No line before the one holding "The design features" is wanted; restate word for word that line and all lines after it to the end of the entries, excluding pictures.

### Study material
BEGIN
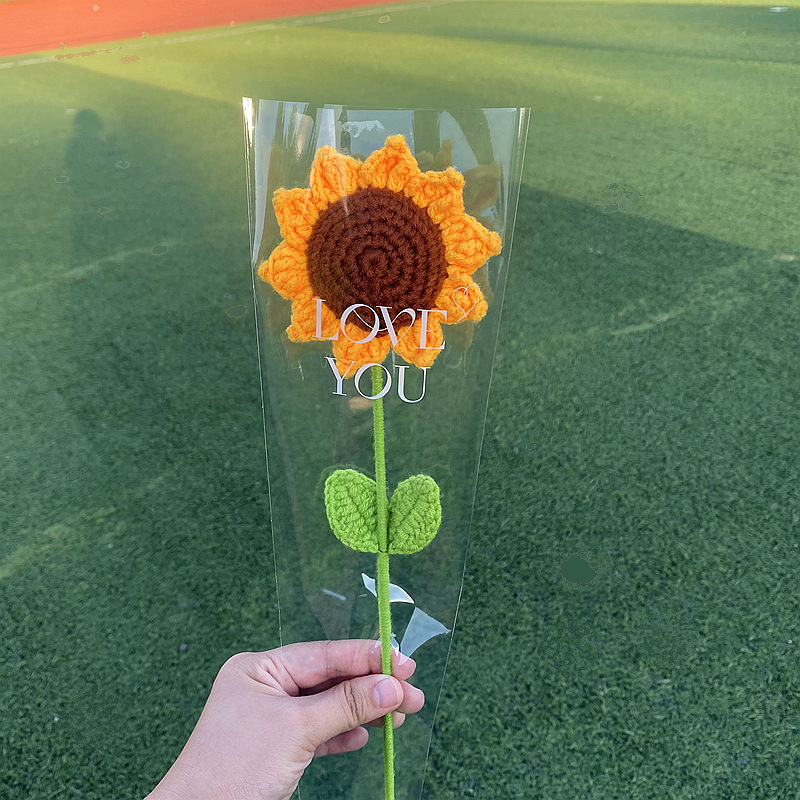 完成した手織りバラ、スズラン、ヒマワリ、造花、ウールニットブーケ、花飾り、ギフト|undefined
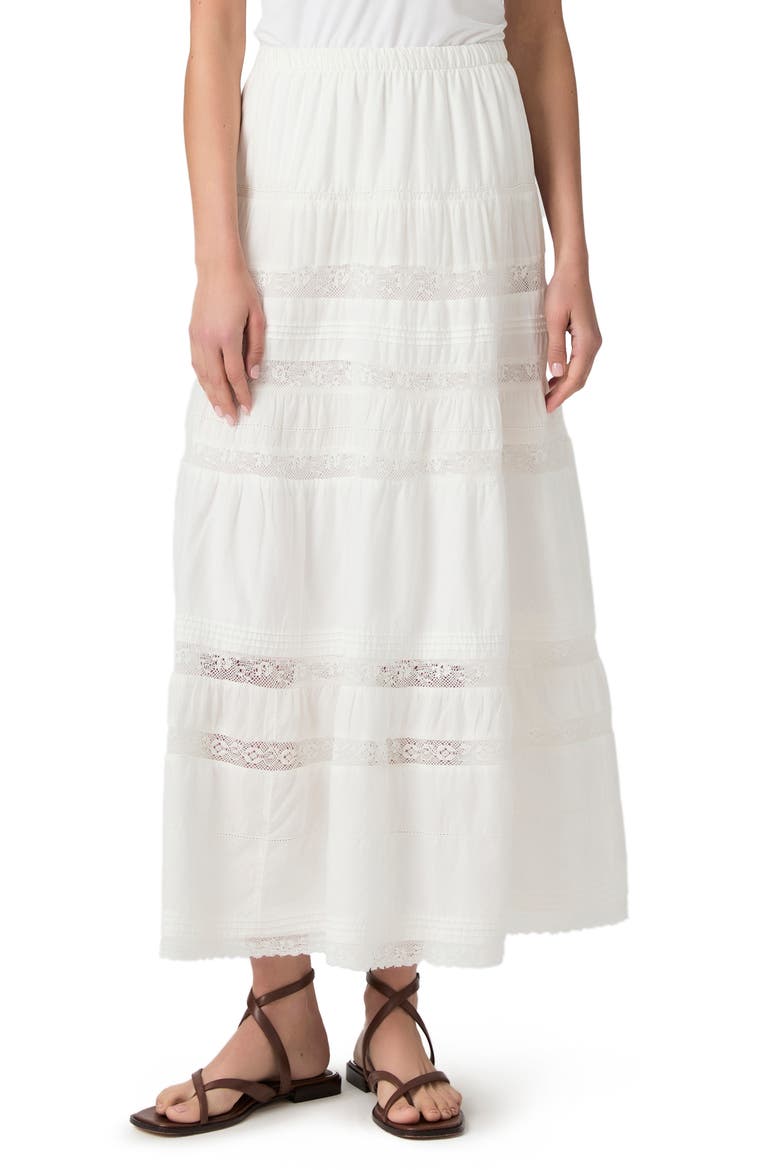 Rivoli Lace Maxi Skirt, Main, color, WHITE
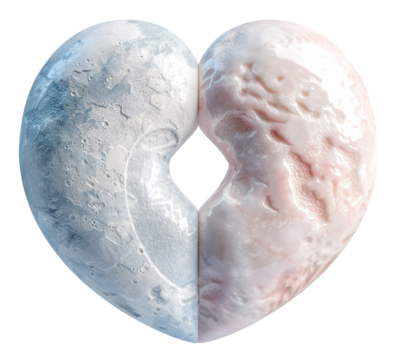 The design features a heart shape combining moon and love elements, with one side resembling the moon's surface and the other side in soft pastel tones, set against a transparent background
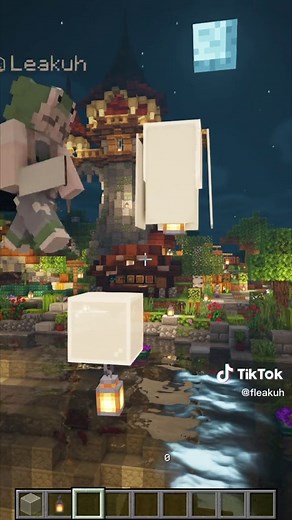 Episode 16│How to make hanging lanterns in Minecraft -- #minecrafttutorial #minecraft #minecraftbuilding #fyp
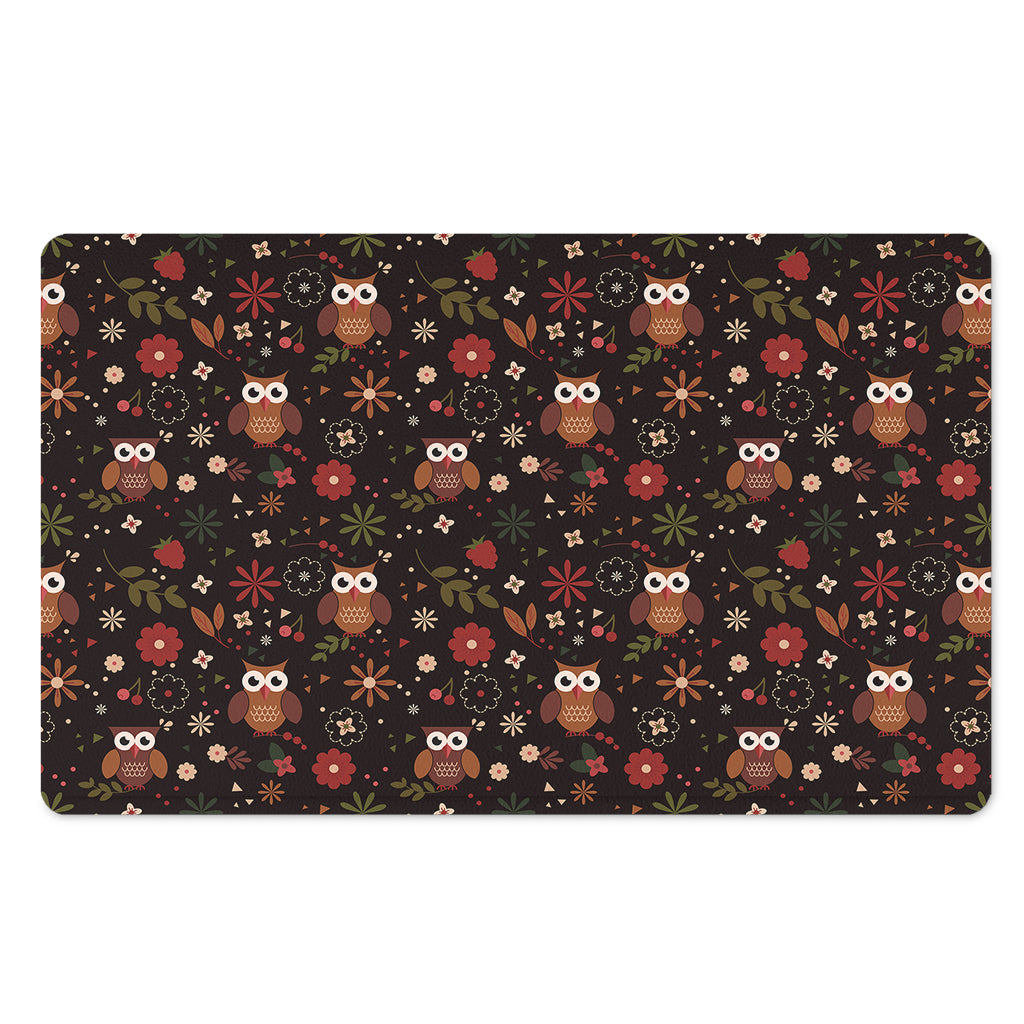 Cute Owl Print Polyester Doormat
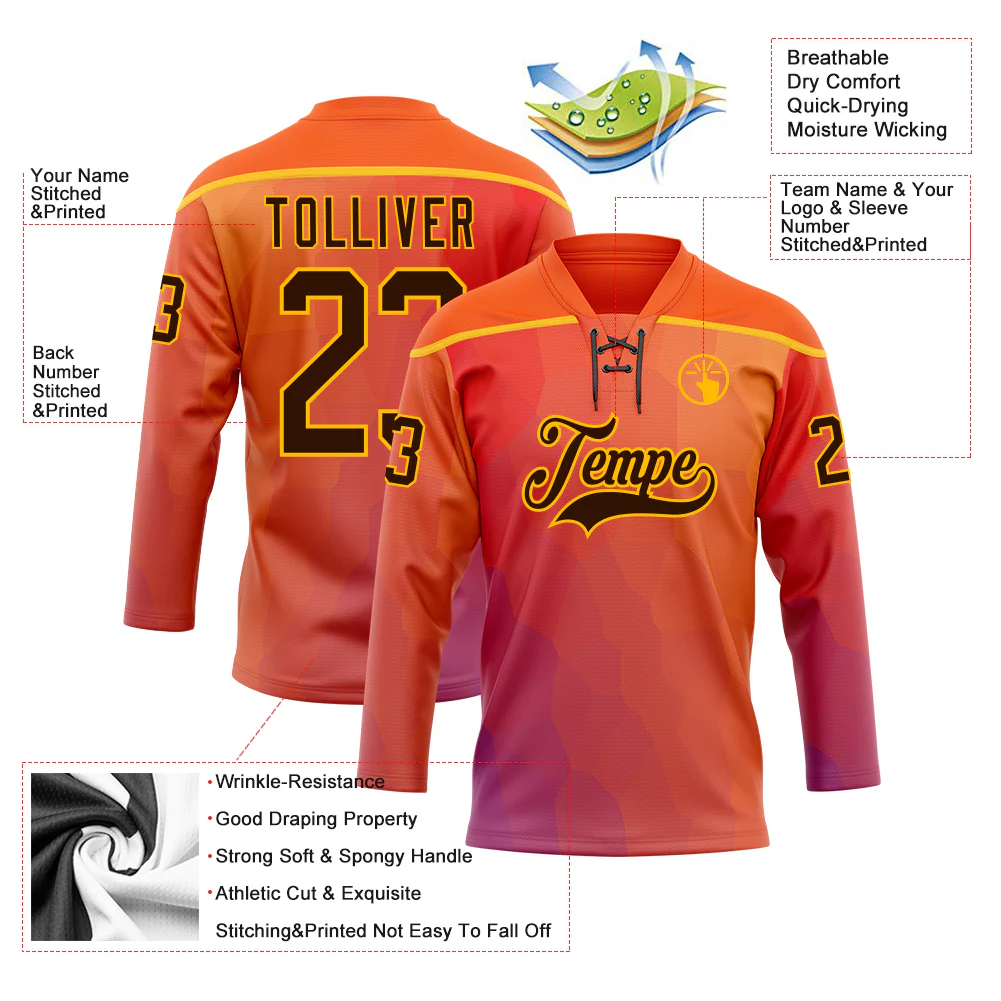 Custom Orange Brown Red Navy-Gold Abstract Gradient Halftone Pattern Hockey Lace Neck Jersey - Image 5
END
### Answer space
 The design features a heart shape combining moon and love elements, with one side resembling the moon's surface and the other side in soft pastel tones, set against a transparent background
 Episode 16│How to make hanging lanterns in Minecraft -- #minecrafttutorial #minecraft #minecraftbuilding #fyp
 Cute Owl Print Polyester Doormat
 Custom Orange Brown Red Navy-Gold Abstract Gradient Halftone Pattern Hockey Lace Neck Jersey - Image 5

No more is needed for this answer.